The Risks Are Wide and Deep
In fact, supply chain vulnerabilities are quite common. Four out of five of 525 business continuity, supply chain, and other professionals based in 71 countries who responded to the Business Continuity Institute’s (BCI’s) Supply Chain Resilience 2014 survey reported that their companies experienced at least one instance of supply chain disruption in the past 12 months.Adverse weather, IT outages, and outsourced-service failure were common sources of disruption.The risks indeed run deep. For example, sometimes it’s not one’s immediate suppliers that disrupt a supply chain but the suppliers of those suppliers . More than half of the respondents in the BCI study indicated that the disruptions of the past year had come from suppliers below the top tier.
Perhaps more pertinently to finance executives, an Accenture study has shown that supply chain disruptions can reduce shareholder value in affected companies by 7%.
Perhaps unaware of that weight financial risk to their companies, many CFOs completely delegate supply chain risk management to a risk manager or supply chain manager. In my opinion, it’s beneficial for finance folks to drill more deeply into what these managers know about supply chain risks.
Here are some questions to ask them on a quarterly basis:
• What don’t we know about our supply chain that we need to know?
• Are we relying too heavily on single suppliers for important components?
• Are we focused too heavily on cost reduction, making our supply chain brittle?
• What could a closer look at our analytics tell us about these and other hidden risks?
• What exactly are the other risks we might be facing?
• Which particular risks are most insidious?
These questions are answerable no matter how complex or far-flung one’s supply chain.
Another approach to managing risk is a formal supplier impact analysis. Consider appointing or hiring a team to analyze the value of each link in the supply chain in terms of its contribution to business income.

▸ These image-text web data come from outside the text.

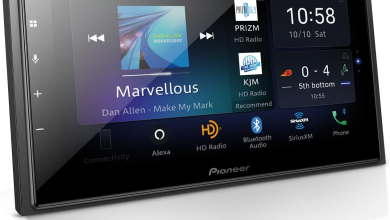 Los mejores equipos para Android Auto 59 Los mejores equipos para Android Auto 58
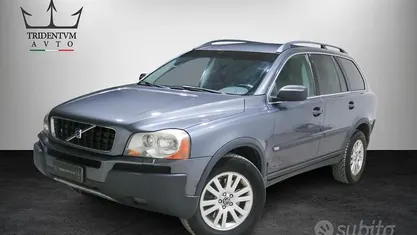Usata Volvo XC90 185 CV (136 kW) 2006 SUV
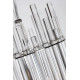 Подвесной светильник Garda Decor K2KR1137P-1S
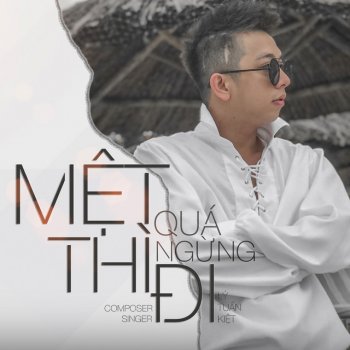 Lý Tuấn Kiệt Mệt Quá Thì Ngừng Đi (Beat)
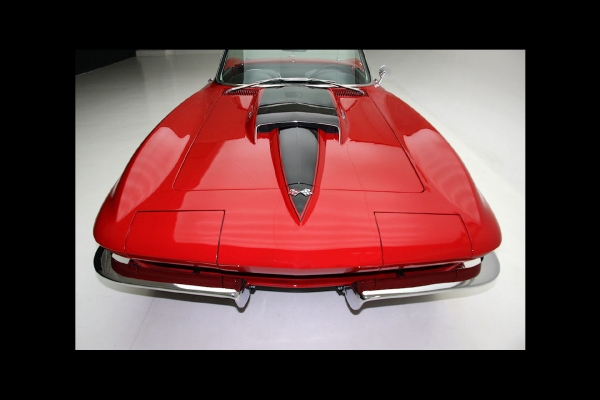 For Sale Used 1967 Chevrolet Corvette convertible L88 Clone | American Dream Machines Des Moines IA 50309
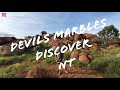 Devils Marbles Day Hike Review - Discover NT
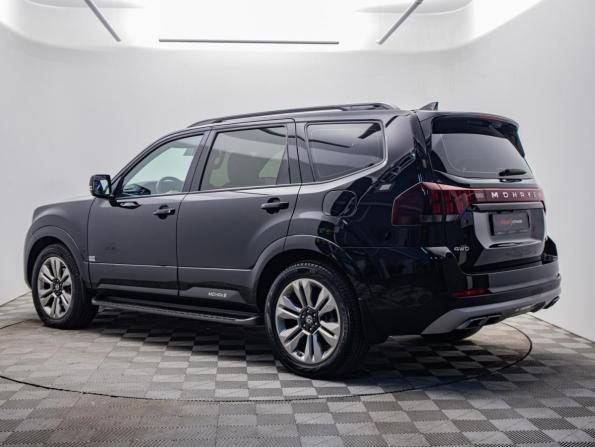 Kia Mohave I Рестайлинг 2 с пробегом 2020 года, цена 4 177 000 рублей, 105272 км, внедорожник, Автокод Объявления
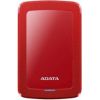 A-data External HDD Adata Classic HV300 2.5inch 2TB USB3.1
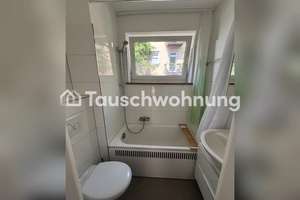 Tauschwohnung: Kleine Flat in Neuhausen-Nymphenburg zu tauschen – 80636 Sankt Vinzenz, München – Vorschaubild 4
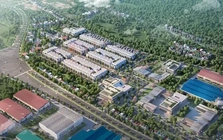 Quảng Ninh mời gọi đầu tư dự án khu đô thị gần 1.200 tỷ đồng tại Quảng Yên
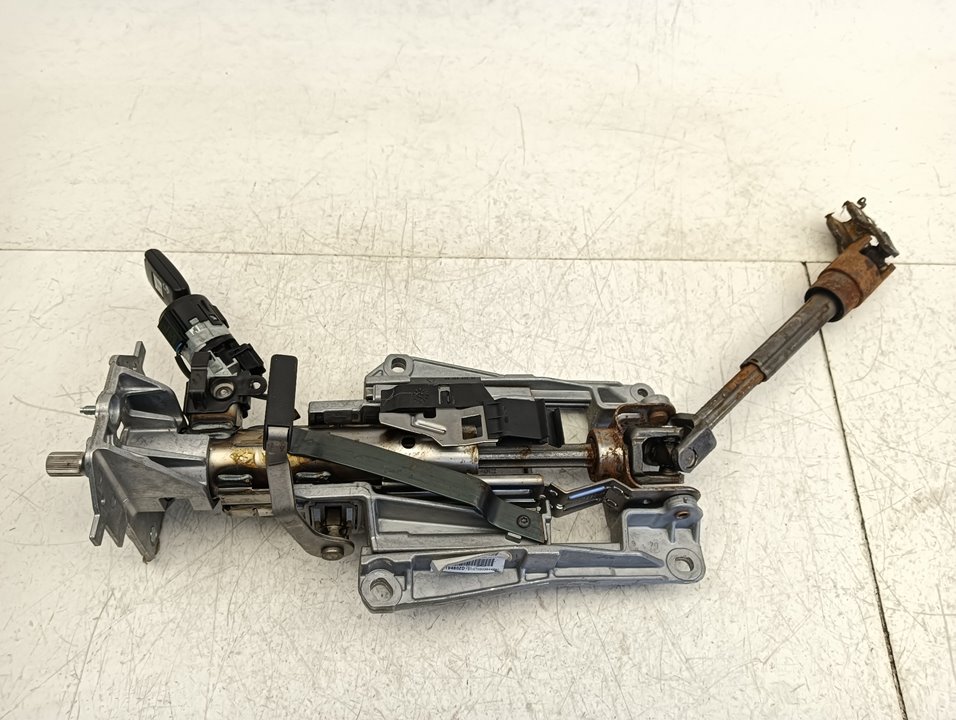 Columna dirección Citroën C5 Tourer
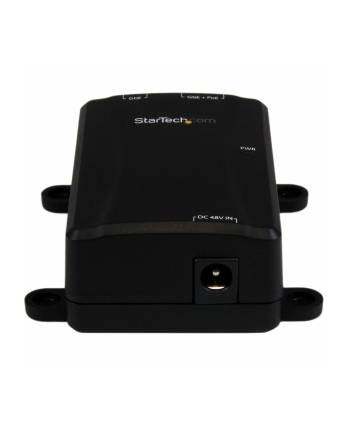 startech 1PORT GIGABIT MIDSPAN POE+ INJ/IN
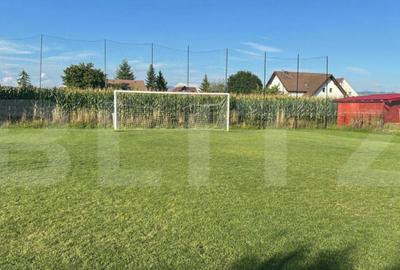 Casă cu 5 camere cu Teren 2800 Mp în Unirea - 3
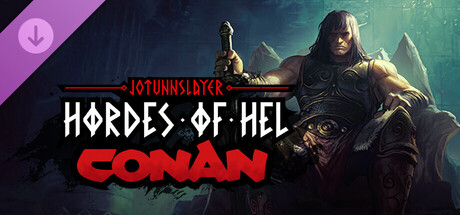 Jotunnslayer Conan DLC : Conan débarque dans Hel avec la co-op locale
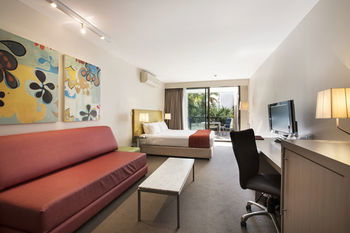 Quality Hotel Sands - Accommodation Great Ocean Road 9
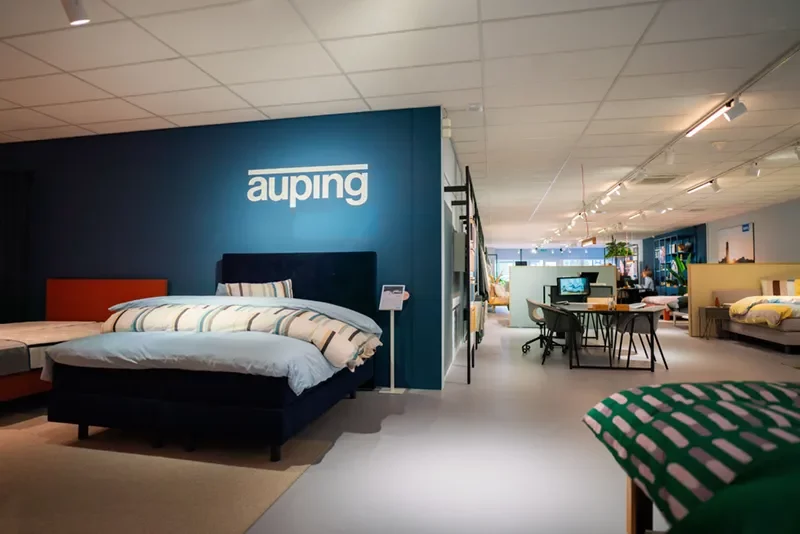 auping-store-delft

At the same time, it’s a good idea to flip your perspective and look at the people you supply: your customers. Do you need to diversify so you don’t end up sitting on supply if a major customer experiences a disruption?
Yes, it’s a lot to do. But whether you use these approaches or ones you devise yourself, a long-overdue investigation will help you better uncover, quantify, and manage your supply chain risk. As champion of supply chain resilience, you’ll be safeguarding your company from a crippling disruption and eliminating the kinds of surprises we CFOs dread most: the ones we might have foreseen.